I do not think this self-assessment accurately describes how Attie and O’Hara ended up making the film in practice, but paying homage to the value of “being there” has a long history in documentary filmmaking. The rhetoric of “being there” is connected to ideas about camerawork and the significance of direct, physically proximate access to subjects doing things. “Being there” has meant filming in such a way that the viewers of the footage would feel as though in the presence of events that unfold on screen, experiencing them from the perspective of the cameraperson who once recorded these shots live and co-present amid film subjects. The camera’s mechanical, indexical nature, in this line of thinking, would allow the unplanned footage to store up and then re-present surprising and organic details about the actual world that was once in front of the lens, revealing clues about the textures of landscapes and subjects’ lives for viewers to discover and consider on their own. Viewers are taken to be partners in thinking rather than passive recipients of cinematic messaging. And so attendant to this way of approaching documentary is the idea that the film should follow subjects whither they go, even into the weeds of everyday minutiae, while downplaying the political views of the filmmakers themselves. Attie and O’Hara say they share an affinity with this epistemological orientation. In an interview with me, O’Hara recounted one of their “founding myths as film collaborators” in these terms:

“It’s not that either one of us don’t care about films that could change the world, obviously, but I said to [Mike], I was like, you’re so clearly not in this camp of people trying to make lasting change through a film, and he was like, yeah, well, I don’t feel like I know the answer.”
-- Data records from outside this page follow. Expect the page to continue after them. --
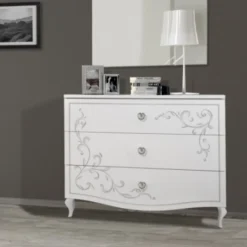 Cassettiera Lindir linea Essenza a tre cassetti in Bianco Frassino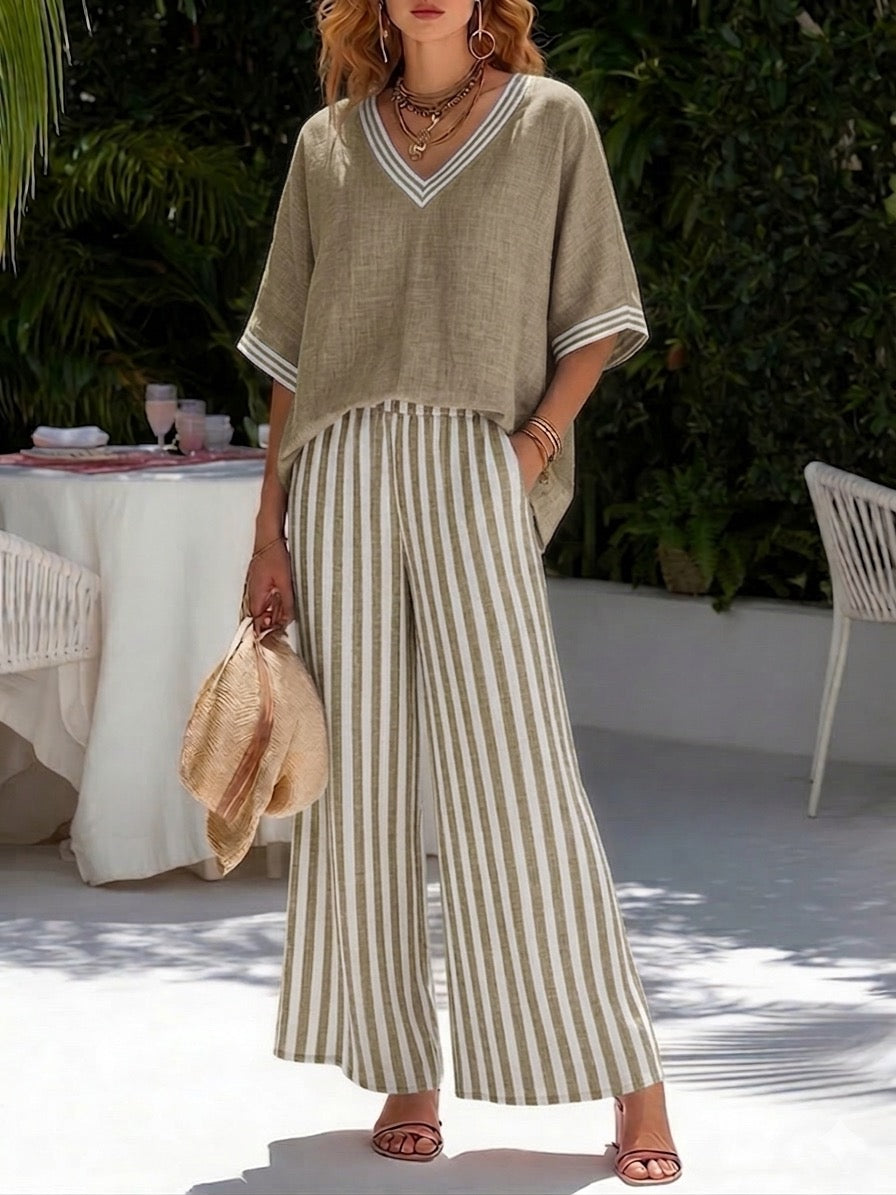 Renata | Conjunto Rayas Top y Pantalón Ancho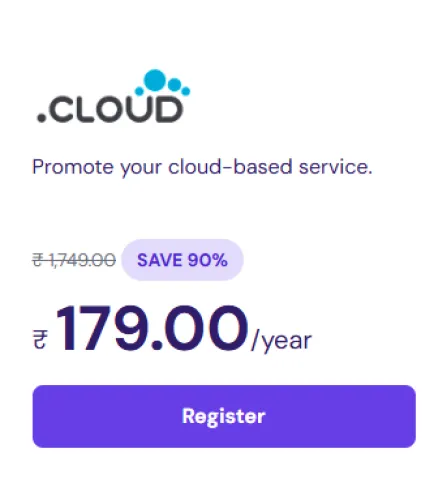Image of Hostinger Domain Offer : .Cloud Domain at ₹179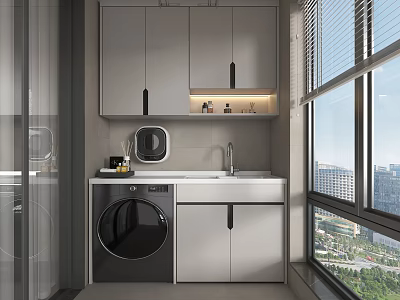Modern Home Balcony With Washing Machine Sink Cabinetry And City View 3d model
The problem with this notion of “being there” with its presumption of humility and neutrality, as Trinh T. Minh ha (1993), Brian Winston (1993), Michael Renov (2004), Fatimah Tobing-Rony (1996), Jill Godmilow (2002) and many others have pointed out, is that it occludes choices and socio-historical forces: the choice to focus on a war reenactment instead of a more urgent subject—or even those reenactors who play the Vietcong. There was the need for two young filmmakers seeking academic jobs in a tough market to produce a cinematic feature documentary quickly and cheaply, and the fact that the reenactment offered ready-made production value, aesthetics of the outdoors, the hot-button theme of masculine vulnerability, and the “sexiness of the Vietnam War,” in O’Hara’s terms (O’Hara). A key tenet of critical race and gender theory holds that claims to neutrality often rationalize the norms of power in practice, like the tacit (and sometimes explicit) racism, sexism, and nationalism that creeps into war reenactments under the banner of historical realism. To follow and record such subjects as a means to understand them teeters close to simply projecting their values when the records find their way into a finished, edited film.

Such forces and others further trouble Leacock’s voltmeter analogy, and the attendant discourse about allowing the audience to “be there” to think about this and not that for themselves. Furthermore, there are limitations with observational filmmaking methods that practitioner-theorists acknowledge. Observational camerawork cannot reveal much about the psyche or intimate activities. Theorist-filmmakers in anthropology like Lucien Castaing-Taylor (1998) and Anna Grimshaw and Amanda Ravetz (2009) have simply argued that neither reenactment nor autobiography are as trustworthy as voltmeterish observation of everyday life in its unfolding. These filmmakers have claimed that sensory nonfiction films offer up significant, underexplored ways to create research about everyday life, cognition, time, and affect within the disciplines of anthropology and art. But the films produced by this school—to much critical acclaim and influence in their corner of academia[10]—have thus far generally embraced noninterventionist and realist traditions of camerawork, rooted in observational or gently participatory methods. Experiments with wearable and miniature camera aesthetics like Leviathan (2012), an austere feature pieced together from footage recorded by cameras ensconced on the bodies, masts, walls, and ropes of a New England fishing boat and crew amid a sea voyage, expand on observational cinema commitments to nonintervention, long takes, and the rejection of music, voiceover, and interview even though the camera’s view is not aligned directly with the cameraperson’s viewing eye. It is not a film that addresses critiques about power dynamics leveled at the observational mode and its fascination with staying in the weeds.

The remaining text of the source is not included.